Dla „zielonych” nie był to jednak sygnał ostrzegawczy i nadal próbowali „odstać” do końcowego gwizdka sędziego. W 84. min nie dużo brakło po strzale z dystansu Kosmali. Trzy minuty później zemściła się asekurancka gra Włókniarza. Po rzucie rożnym i zamieszaniu w polu karnym Szerffel z bliska wepchnął piłkę do bramki i zrobił się remis.

Po wyrównaniu stanu meczu do ataków rzucił się Włókniarz i choć miał kilka niezłych sytuacji, m.in. Węglewskiego i Rudzkiego po uderzeniu z bliska po rzucie rożnym, to wynik nie uległ już zmianie.

Na „zielonych” zemściło się to, że podobnie jak w meczu z Orłem Piątkowisko, gdy prowadzili do przerwy 4:0, stwierdzili, iż mecz już się skończył. Rywal, choć zbyt wielu okazji nie miał, to trzy wykorzystał i wywiózł z Pabianic cenny punkt. Spotkanie to pokazało także, że bez doświadczonych Urbaniaka i Kacprzyka czy nawet ogranych Kulika i Klimka pabianicka młodzież nie jest jeszcze gotowa, by wziąć na swoje barki ciężar rozgrywania akcji. Szczególnie brakowało dwóch pierwszych, którzy trzymają środek pola, bez nich nie bardzo miał kto rozgrywać. Starał się Olszewski, a trener podjął także próbę z przesunięciem do pomocy Seliwiorstowa i do czasu jeszcze jakoś to wyglądało. Całkiem siadło po wejściu Otomańskiego, który po raz kolejny nie wniósł nic dobrego na boisko, a wręcz osłabił zespół swoją grą.

Włókniarz: Rzeźniczak - Mendak, Rutkowski, PiotrowskiUsiak (80. min, Rudzki), Kosmala, Seliwiorstow (65. min, Otomański), Węglewski, Stępiński (46. min, Pietraszewski) - Olszewski, Sumera (46. min, Madaj).

„Zieloni” utrzymali pozycję lidera.

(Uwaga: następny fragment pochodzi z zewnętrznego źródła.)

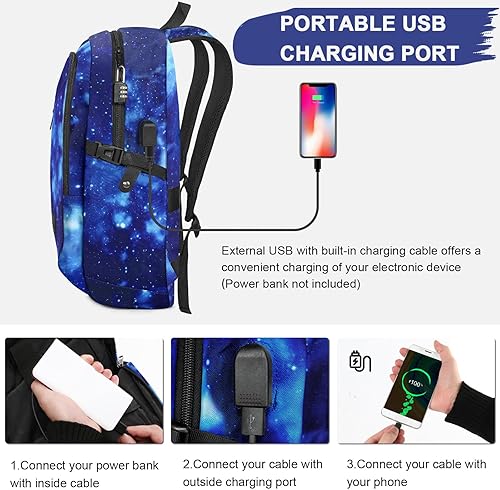 Miniatura 2 de Mancro Mochila para laptop, color galaxia, unisex, duradera y ligera, diseño de puerto USB, bolsillo organizado, cómoda y resistente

Po 8 meczach mają 22 punkty i wyprzedzają o 4 oczka 2. GKS Ksawerów i 3. UKS SMS Łódź. W najbliższą sobotę o godz. 13.00 Włókniarz zagra w Łodzi z 8. w tabeli beniaminkiem A-klasy – Spartą Łódź.

***

Pozostałe drużyny z naszego powiatu z połowicznymi sukcesami. GKS Ksawerów rozbił u siebie 7:0 RKS Łódź, a Orzeł Piątkowisko pokonał na wyjeździe 3:1 faworyzowanego Orlika Sobień. Mecze u siebie przegrały Jutrzenka Bychlew (2:5 z MKS-em 2000 Tuszyn) oraz Burza Pawlikowice, która postawiła ciężkie warunki UKS-owi SMS Łódź, ale ostatecznie uległa 3:5.

Po 8. kolejkach w tabeli prowadzi Włókniarz (22 pkt.), drugi ex aequo z UKS-em SMS jest GKS Ksawerów (18 pkt.), Iskra jest 5. (12 pkt.), Orzeł 7. (9 pkt. i mecz mniej), Jutrzenka 10. (7 pkt.), a Burza 11. (3 pkt. i mecz mniej).